TASK DIRECTIONS:
The result should be the listing below, restated exactly, with its pictures left out.
◇ ◇ ◇
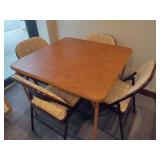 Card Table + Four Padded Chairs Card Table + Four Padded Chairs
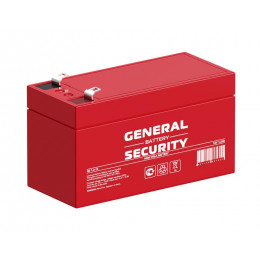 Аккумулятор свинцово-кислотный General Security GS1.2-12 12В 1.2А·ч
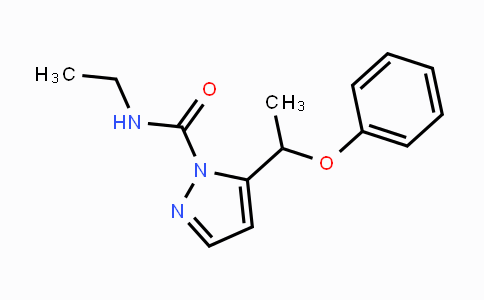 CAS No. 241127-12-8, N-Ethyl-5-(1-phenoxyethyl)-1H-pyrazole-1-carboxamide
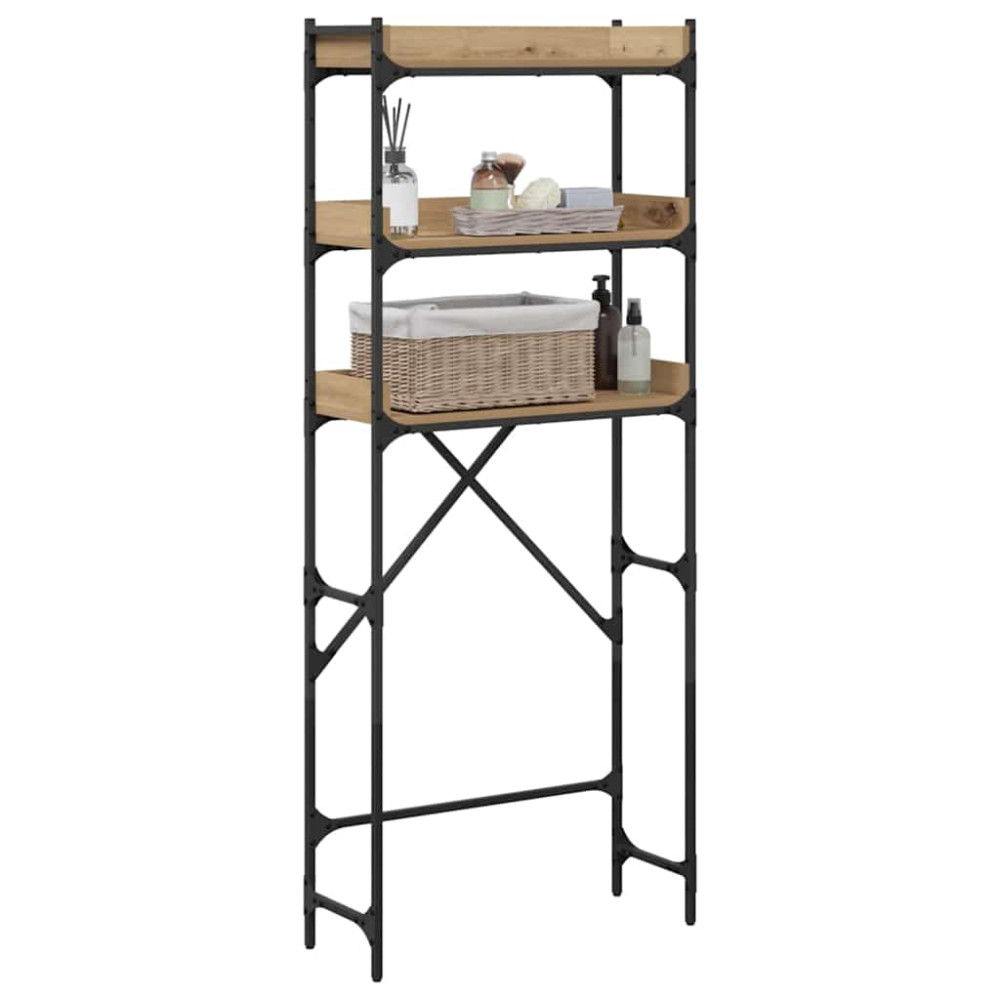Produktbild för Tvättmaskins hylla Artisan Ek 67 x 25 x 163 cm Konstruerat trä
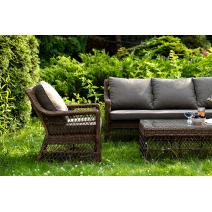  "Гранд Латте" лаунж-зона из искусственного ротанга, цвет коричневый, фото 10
◇ ◇ ◇
SOLUTION:
 Card Table + Four Padded Chairs Card Table + Four Padded Chairs
 Аккумулятор свинцово-кислотный General Security GS1.2-12 12В 1.2А·ч
 CAS No. 241127-12-8, N-Ethyl-5-(1-phenoxyethyl)-1H-pyrazole-1-carboxamide
Produktbild för Tvättmaskins hylla Artisan Ek 67 x 25 x 163 cm Konstruerat trä
  "Гранд Латте" лаунж-зона из искусственного ротанга, цвет коричневый, фото 10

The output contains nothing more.